第二个特点,在海量信息供给的条件下,思想和知识的国家定制几乎不可能,知识生产的人为控制面临着难以克服的技术障碍。在秦始皇时代,知识生产的国家定制可以轻而易举地完成,在竹简的传播条件下,全国只要消灭四百个儒生就可以统一全国的意见市场。到了印刷时代,仍然可以通过消灭印刷出版物来统一全国的思想。但是,在互联网时代,思想的国家定制和知识生产的国家控制面临着技术上的挑战,因为涉及到海量信息供给,技术上已经无法完全控制了。再加上信息传播速度,一条信息只要在网上能够持续20分钟就可以得到有效和广泛的传播。因此,在互联网时代要形成全国统一的思想或意见市场几乎没有可能性。
第三个特点,即使在海量信息迅速传播的条件下,原有的知识生产方式发生重大的变化,但是知识生产的一个核心要素仍然没有被改变——这就涉及到了知识人的价值,知识生产和传播仍然是内容决定论。如同刚才所讲到的,任志强之所以比其他专家具有更广泛的传播效果和影响力,完全是因为他传播的内容所决定的。以公共知识分子的有效知识供给来看,他的知识内容构成依然取决于思想、学术和价值的含量。

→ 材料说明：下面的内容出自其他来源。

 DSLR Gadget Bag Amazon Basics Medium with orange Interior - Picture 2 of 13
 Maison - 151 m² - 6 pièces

第四个特点,互联网时代可以是网红的时代、大V的时代或话语霸权的时代,但绝不可能是一个赢者通吃的时代,这是一个思想和知识多元供给的时代。每一个人都有可能成为这个思想市场里面的一个赢家,即使一个非常小众的领域,比如考古或一个漆器的制作,如果通过一个特定的传播方式,它仍然能够让一个非常小众的信息供给获得最大范围的传播,这种可能性在以前是完全不可想象的。在纸媒时代或印刷时代,一本非常专业的读物可能只有几十个或者几百个读者,现在一个非常冷门的专业未必不能被广为所知。互联网时代,让草根能够成为英雄,多元就是主流。

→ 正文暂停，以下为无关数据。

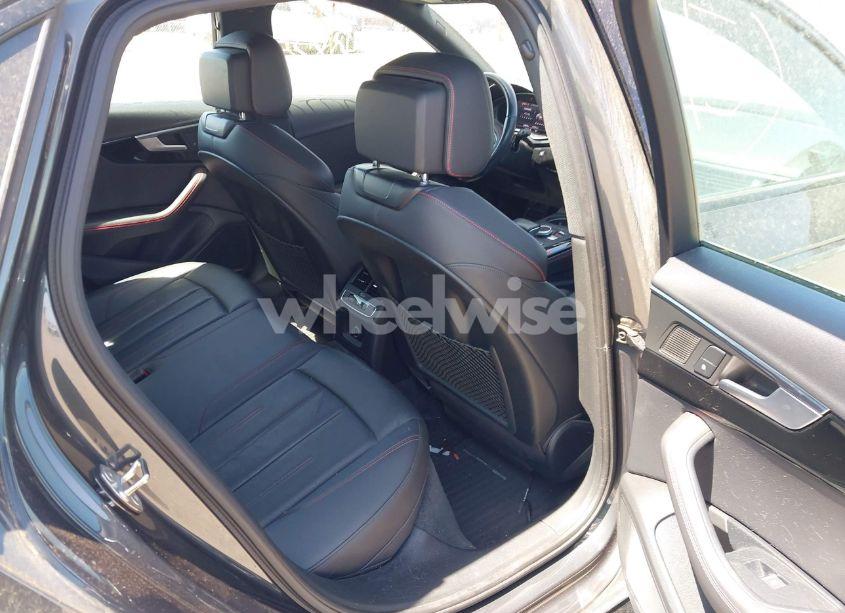 Photo 8 of 2018 Audi A4 2.0T PREMIUM/2.0T TECH PREMIUM (VIN WAUENAF42JN002485)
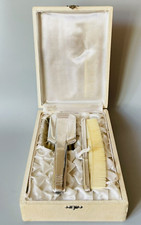 Coffret bébé Art déco brosse et peigne en métal argenté & anneau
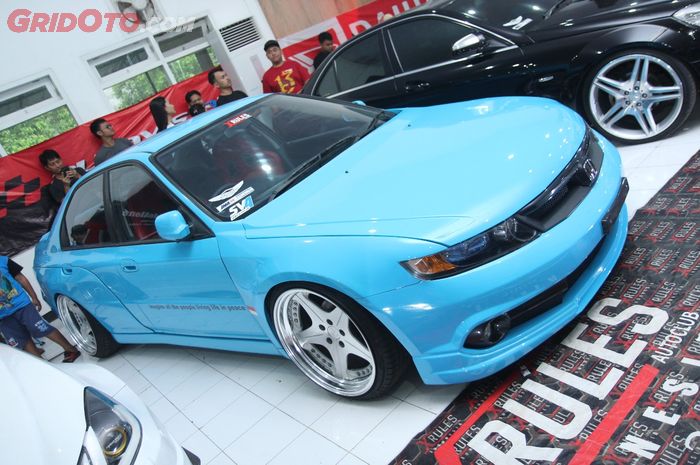 Honda Accord Cielo gaya Elegan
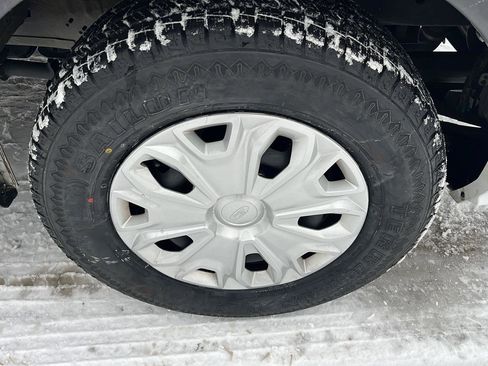 Used 2023 Ford Transit 350 XLT image 22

从思想的年代到学术的年代再到主义的年代,这是笔者大致对改革开放以来的40年间中国思想界和知识界的变迁所做的一个基本判断,涉及到知识人身份的转换,从启蒙知识分子到专业知识分子再到公共知识分子。
很显然,公共知识分子并不是所有专业学者都能担当的,在中国的十几万个教授中,究竟有多少个教授能够把他们的专业性知识转化为公共产品?是不是只有万分之一?因此,关于知识人身份转换的这个分析框架,并不是针对个人来说的,而是作为一个整体性的分析框架,用来观察中国在互联网时代所出现的一些重大变化,从思想、知识和学术的生产、传播到消费,出现了在以往技术条件下所没有出现过的新的情况。至少知识人必须意识到,在这样一个时代,知识人身份的转换,或许并不意味着个人的学习方式或授业方式的转变,而一定是知识生产和传播观念的转变。即使个人不能完成从专业知识分子转向公共知识分子,也必须要有这样的一个问题意识:我的知识究竟是为谁而生产?就传播决定知识生产而言,如果知识人生产的知识没有市场,不能被知识消费者所消费时,这种知识生产在某种意义上来讲就是一个无效的知识供给。因此,当前的形势对很多专业知识分子来说是一个重大挑战。笔者注意到前几天文学批评家李陀写了一篇文章,他提到了一个观点,也就是许纪霖教授曾经提到的问题,知识分子是不是已经死了?知识分子是不是已经彻底退出历史舞台了?[7]这大概就是一个老派知识人的问题,一个80后的新闻记者就对李陀的问题做了一个非常简短的评论,她认为李陀的发问太自恋了。现在80后和90这两代人,更不用说是00后了,谁还会在乎知识人是否已经死了的问题?知识的生产和传承的的最终决定权一定是在年轻人那里,如果跟不上时代的脚步,不能勇于面对当下的挑战,那就是主动或被动地被历史所淘汰。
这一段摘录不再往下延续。